Virginia’s electric vehicle (EV) mandate could turn out to be a key issue in the state’s upcoming elections in November, polling by WPA Intelligence suggests.
The polling demonstrates that residents of some of the state’s most competitive Senate districts tend to oppose the adoption of several California EV policies, including a 2021 law enacted by the former governor that bans the sale of gas-powered vehicles starting in 2035. Republican Virginia Gov. Glenn Youngkin still wants to repeal the law tying his state’s vehicle policies to those of California after an earlier attempt to do so came up short, but Republicans will almost certainly need to retain an advantage in the state House and gain a state Senate majority in order to effectuate a repeal.
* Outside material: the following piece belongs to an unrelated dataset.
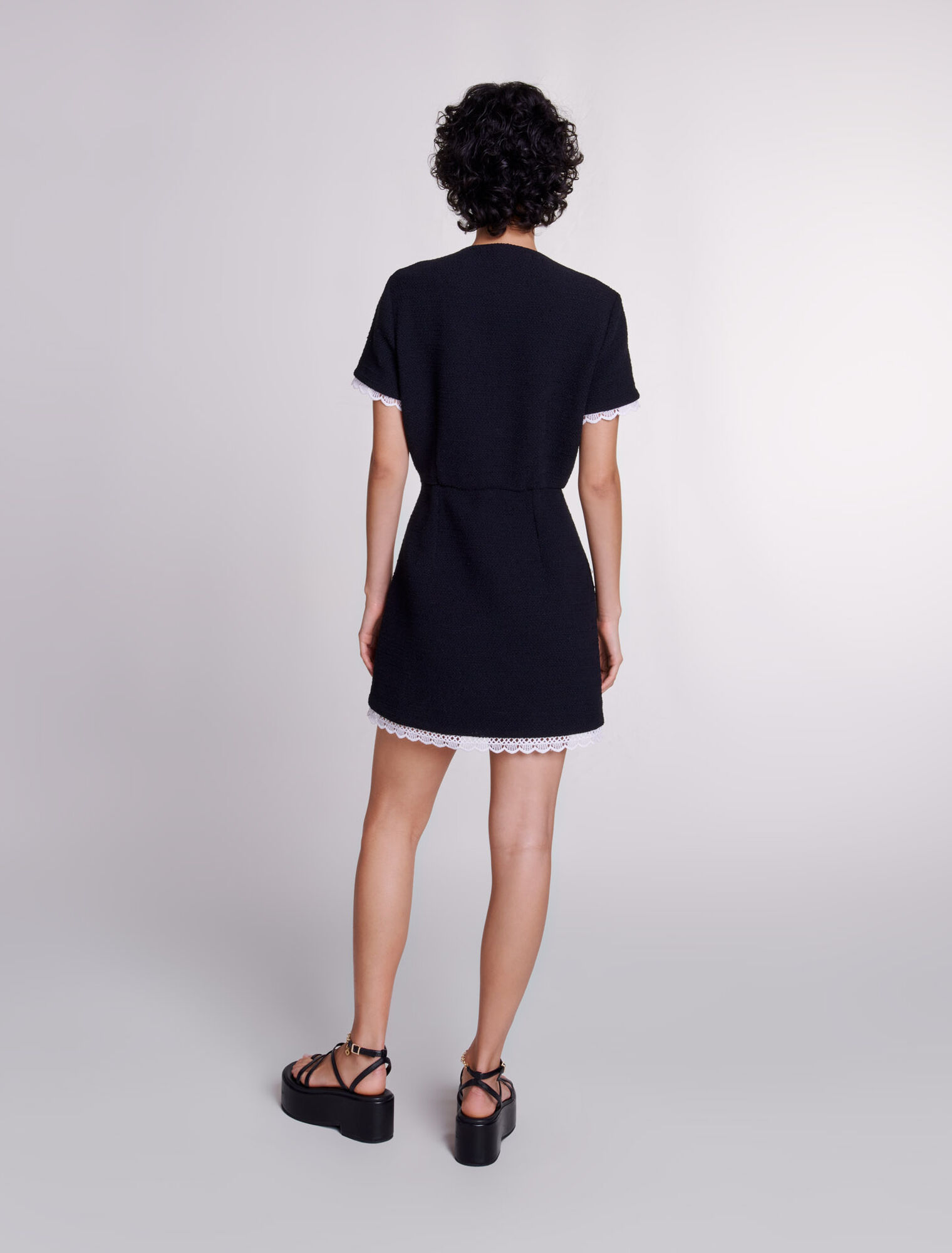 Vestido corto tweed y cordoncillo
About 64% of the polled Virginians oppose the 2021 “Clean Cars” law signed by former Democratic Virginia Gov. Ralph Northam that enjoins Virginia’s vehicle regulations to California law, with 54% of polled citizens saying that they strongly oppose the law. Further, 52% of respondents said that they would be less likely to vote for a candidate that supports an eventual ban on the sale of gas-powered cars, with 43% saying they are much less likely to vote for such a candidate.
Virginians Strongly Oppose the State's Electric Vehicle Mandate Law pic.twitter.com/zp8TMHeTDY
— WPA Intelligence (@WPAIntel) September 29, 2023
The survey, conducted at the behest of the American Fuel and Petrochemical Manufacturers, focused on Virginians living in seven specific state Senate districts that are anticipated to be among the most competitive districts in November’s elections. Of those seven districts, four are currently represented by Republicans and three by Democrats. The poll found that opposition to the policy did not vary much from district to district.
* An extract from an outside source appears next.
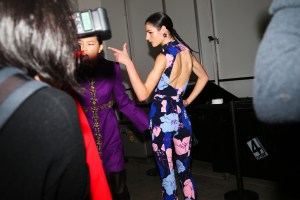 Backstage at Carolina Herrera RTW Fall 2022 ?on February 14, 2022 in New York.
Of the seven Senate districts included in the survey, five of them (Districts 16, 17, 24, 27 and 31) are identified as “key races” which are likely to determine which party holds the legislature’s upper chamber after votes have been cast and counted, according to the Virginia Public Access Project.
The survey contacted the 1,213 respondents via phone and text message, and the respondent pool consisted of a weighted sample that accounted for differences in geography, age, party, ethnicity and gender among the respondents.
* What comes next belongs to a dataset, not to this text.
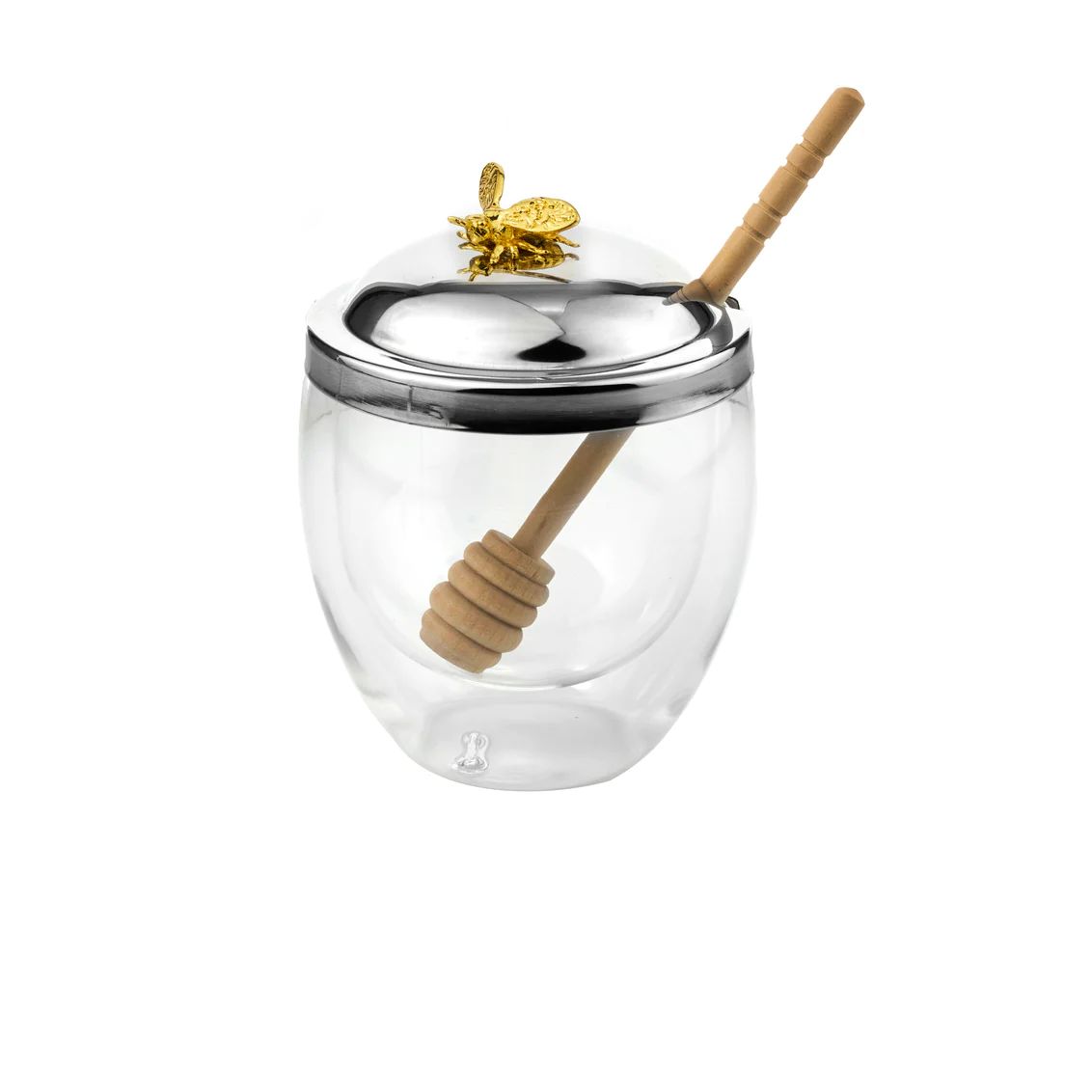 Bee Double Walled Glass Honey Jar with Dipper - The Closeout Connection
Democrats currently hold a 22-18 majority in the state’s upper chamber, but all 40 seats are up for grabs in November. A strong Republican majority in the legislature could enable Youngkin to initiate a repeal of Northam’s “Clean Cars” law, as the first attempt fell short in January when state Democrats killed a repeal bill in a Senate committee.
““[I]t defies common sense that Democrats in Virginia have continued to outsource decision-making on energy policy,” Macaulay Porter, a spokesperson for Youngkin, told the Daily Caller News Foundation about the “Clean Cars” law in September. “California’s requirements for their citizens should not be a one size fits all solution for Virginia.”
Most new EVs are luxury models with an average sale price of around $61,000, according to CNBC. That figure is nearly $12,000 more than the overall automobile industry average. In 2020, the year before Northam signed the bill, approximately 2% of new car sales in Virginia were EVs, according to Virginia Places.